**Brief descriptive captions**.

•••••

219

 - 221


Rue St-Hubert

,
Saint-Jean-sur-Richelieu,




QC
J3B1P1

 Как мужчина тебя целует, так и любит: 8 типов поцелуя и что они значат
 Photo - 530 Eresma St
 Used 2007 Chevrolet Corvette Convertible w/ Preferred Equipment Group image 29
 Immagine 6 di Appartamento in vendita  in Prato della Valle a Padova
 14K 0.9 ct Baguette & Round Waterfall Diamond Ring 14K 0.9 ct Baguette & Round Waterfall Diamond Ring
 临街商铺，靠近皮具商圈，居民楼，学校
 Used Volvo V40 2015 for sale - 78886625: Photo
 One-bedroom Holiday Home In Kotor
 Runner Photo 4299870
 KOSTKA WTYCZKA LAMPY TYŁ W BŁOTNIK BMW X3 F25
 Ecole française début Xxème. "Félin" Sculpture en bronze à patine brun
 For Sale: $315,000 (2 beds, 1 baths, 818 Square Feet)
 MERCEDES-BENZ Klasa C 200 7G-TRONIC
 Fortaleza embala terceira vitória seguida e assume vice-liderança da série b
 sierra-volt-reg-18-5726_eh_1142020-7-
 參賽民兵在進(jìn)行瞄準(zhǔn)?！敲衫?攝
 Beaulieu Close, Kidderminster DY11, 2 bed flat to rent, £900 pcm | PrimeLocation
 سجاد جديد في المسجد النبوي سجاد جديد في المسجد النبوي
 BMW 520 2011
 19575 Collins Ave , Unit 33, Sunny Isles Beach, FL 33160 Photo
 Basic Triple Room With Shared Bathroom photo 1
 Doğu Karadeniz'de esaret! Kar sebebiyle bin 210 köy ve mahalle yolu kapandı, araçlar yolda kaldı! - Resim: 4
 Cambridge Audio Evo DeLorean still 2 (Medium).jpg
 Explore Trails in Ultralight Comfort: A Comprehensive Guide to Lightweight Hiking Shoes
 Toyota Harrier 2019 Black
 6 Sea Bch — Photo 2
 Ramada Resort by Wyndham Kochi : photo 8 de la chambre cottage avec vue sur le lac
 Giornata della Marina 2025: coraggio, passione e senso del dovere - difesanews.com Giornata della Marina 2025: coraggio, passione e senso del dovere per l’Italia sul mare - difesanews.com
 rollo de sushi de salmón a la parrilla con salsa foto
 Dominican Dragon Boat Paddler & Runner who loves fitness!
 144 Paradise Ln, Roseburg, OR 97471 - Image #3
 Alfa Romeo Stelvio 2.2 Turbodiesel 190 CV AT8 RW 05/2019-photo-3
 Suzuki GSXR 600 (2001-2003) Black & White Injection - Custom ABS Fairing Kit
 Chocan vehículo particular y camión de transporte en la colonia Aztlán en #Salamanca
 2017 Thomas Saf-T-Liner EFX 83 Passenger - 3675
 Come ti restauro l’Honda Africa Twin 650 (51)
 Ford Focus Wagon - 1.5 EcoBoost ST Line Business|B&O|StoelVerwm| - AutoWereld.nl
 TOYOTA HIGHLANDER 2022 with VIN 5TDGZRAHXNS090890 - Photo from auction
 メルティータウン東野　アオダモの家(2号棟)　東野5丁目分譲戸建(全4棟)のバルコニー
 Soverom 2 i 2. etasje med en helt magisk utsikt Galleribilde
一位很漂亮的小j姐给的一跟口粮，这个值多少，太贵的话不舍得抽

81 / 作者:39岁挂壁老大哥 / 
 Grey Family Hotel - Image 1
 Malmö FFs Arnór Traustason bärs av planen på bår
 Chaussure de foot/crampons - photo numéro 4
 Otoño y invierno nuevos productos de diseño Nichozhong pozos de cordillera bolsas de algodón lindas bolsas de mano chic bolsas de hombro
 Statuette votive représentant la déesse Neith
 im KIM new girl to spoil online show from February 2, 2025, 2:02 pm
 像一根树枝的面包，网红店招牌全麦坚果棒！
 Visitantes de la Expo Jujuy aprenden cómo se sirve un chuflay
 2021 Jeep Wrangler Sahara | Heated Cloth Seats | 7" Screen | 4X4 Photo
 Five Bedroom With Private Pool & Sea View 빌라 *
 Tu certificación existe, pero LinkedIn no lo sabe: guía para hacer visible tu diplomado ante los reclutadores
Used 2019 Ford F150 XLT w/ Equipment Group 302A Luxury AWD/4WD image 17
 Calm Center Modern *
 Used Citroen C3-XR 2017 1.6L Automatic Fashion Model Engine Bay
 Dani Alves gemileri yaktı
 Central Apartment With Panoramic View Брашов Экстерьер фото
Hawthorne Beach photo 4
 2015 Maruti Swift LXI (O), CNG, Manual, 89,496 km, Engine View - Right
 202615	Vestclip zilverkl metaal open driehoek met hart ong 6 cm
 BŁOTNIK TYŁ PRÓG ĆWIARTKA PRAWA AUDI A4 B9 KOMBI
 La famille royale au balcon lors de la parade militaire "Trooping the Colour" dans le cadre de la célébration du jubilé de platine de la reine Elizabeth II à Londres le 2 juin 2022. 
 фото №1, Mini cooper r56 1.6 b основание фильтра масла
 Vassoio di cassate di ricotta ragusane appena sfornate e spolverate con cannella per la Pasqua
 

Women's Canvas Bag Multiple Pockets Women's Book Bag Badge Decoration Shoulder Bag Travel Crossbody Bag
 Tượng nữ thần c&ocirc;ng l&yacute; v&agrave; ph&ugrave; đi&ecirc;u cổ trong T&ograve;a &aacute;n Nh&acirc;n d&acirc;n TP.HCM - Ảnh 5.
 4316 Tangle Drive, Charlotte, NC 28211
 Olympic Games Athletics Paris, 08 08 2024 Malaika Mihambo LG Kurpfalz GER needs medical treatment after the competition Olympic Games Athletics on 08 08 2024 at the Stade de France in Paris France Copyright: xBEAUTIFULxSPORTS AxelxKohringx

•••••

**WHAT IS REQUIRED**. Reprint exactly the lines above that start at the one with "Photo - 530 Eresma St" and end at the one with "临街商铺，靠近皮具商圈，居民楼，学校", keeping both and adding none.

**RESULT OF THIS TASK**.
 Photo - 530 Eresma St
 Used 2007 Chevrolet Corvette Convertible w/ Preferred Equipment Group image 29
 Immagine 6 di Appartamento in vendita  in Prato della Valle a Padova
 14K 0.9 ct Baguette & Round Waterfall Diamond Ring 14K 0.9 ct Baguette & Round Waterfall Diamond Ring
 临街商铺，靠近皮具商圈，居民楼，学校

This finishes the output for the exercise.